ここで、前記IVは、例えば、ウベローデ型粘度計により測定することができる。
【0050】
前記結晶性ポリマーの融点(Tm)としては、特に制限はなく、目的に応じて適宜選択することができるが、40℃〜350℃が好ましく、100℃〜300℃がより好ましく、100℃〜260℃が更に好ましい。前記融点が、前記好ましい範囲であると、通常の使用で予想される温度範囲で径を保ちやすくなる点、また、高温での加工に必要とされる特殊な技術を特に用いなくても、均一な紡糸ができる点で有利であり、前記特に好ましい範囲であると、前記効果が顕著となる点で有利である。

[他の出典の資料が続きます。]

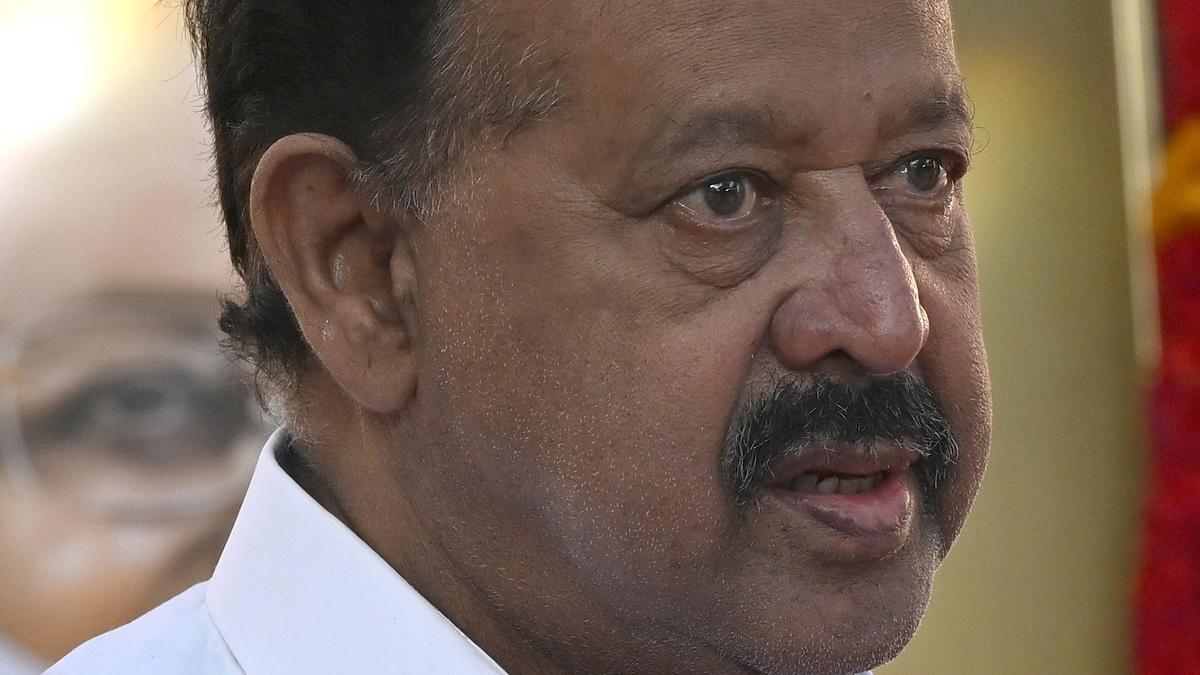 ponmudy-case:-politicians-in-power-should-not-consider-themselves-kings-and-queens,-says-madras-high-court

ここで、前記融点は、例えば、示差熱分析装置(DSC)により測定することができる。
【0051】
−−ポリエステル樹脂−−
前記ポリエステル樹脂は、エステル結合を主鎖の主要な結合鎖とするポリマーの総称を意味する。したがって、前記結晶性ポリマーとして好適な前記ポリエステル樹脂としては、前記例示したPET(ポリエチレンテレフタレート)、PEN(ポリエチレンナフタレート)、PTT(ポリトリメチレンテレフタレート)、PBT(ポリブチレンテレフタレート)、PPT(ポリペンタメチレンテレフタレート)、PHT(ポリヘキサメチレンテレフタレート)、PBN(ポリブチレンナフタレート)、PES(ポリエチレンサクシネート)、PBS(ポリブチレンサクシネート)だけでなく、ジカルボン酸成分とジオール成分との重縮合反応によって得られるポリマーが全て含まれる。
【0052】
前記ジカルボン酸成分としては、特に制限はなく、目的に応じて適宜選択することができ、例えば、芳香族ジカルボン酸、脂肪族ジカルボン酸、脂環族ジカルボン酸、オキシカルボン酸、多官能酸などが挙げられる。
【0053】
前記芳香族ジカルボン酸としては、例えば、テレフタル酸、イソフタル酸、ジフェニルジカルボン酸、ジフェニルスルホンジカルボン酸、ナフタレンジカルボン酸、ジフェノキシエタンジカルボン酸、5−ナトリウムスルホイソフタル酸などが挙げられる。これらの中でも、テレフタル酸、イソフタル酸、ジフェニルジカルボン酸、ナフタレンジカルボン酸が好ましく、テレフタル酸、ジフェニルジカルボン酸、ナフタレンジカルボン酸がより好ましい。
【0054】
前記脂肪族ジカルボン酸としては、例えば、シュウ酸、コハク酸、エイコ酸、アジピン酸、セバシン酸、ダイマー酸、ドデカンジオン酸、マレイン酸、フマル酸などが挙げられる。前記脂環族ジカルボン酸としては、例えば、シクロヘキサンジカルボン酸などが挙げられる。前記オキシカルボン酸としては、例えば、p−オキシ安息香酸などが挙げられる。前記多官能酸としては、例えば、トリメリット酸、ピロメリット酸などが挙げられる。前記脂肪族ジカルボン酸及び脂環族ジカルボン酸の中では、コハク酸、アジピン酸、シクロヘキサンジカルボン酸が好ましく、コハク酸、アジピン酸がより好ましい。
【0055】
前記ジオール成分としては、特に制限はなく、目的に応じて適宜選択することができ、例えば、脂肪族ジオール、脂環族ジオール、芳香族ジオール、ジエチレングリコール、ポリアルキレングリコールなどが挙げられる。これらの中でも、脂肪族ジオールが好ましい。
【0056】
前記脂肪族ジオールとしては、例えば、エチレングリコール、プロパンジオール、ブタンジオール、ペンタンジオール、ヘキサンジオール、ネオペンチルグリコール、トリエチレングリコールなどが挙げられる。これらの中でも、プロパンジオール、ブタンジオール、ペンタンジオール、ヘキサンジオールが特に好ましい。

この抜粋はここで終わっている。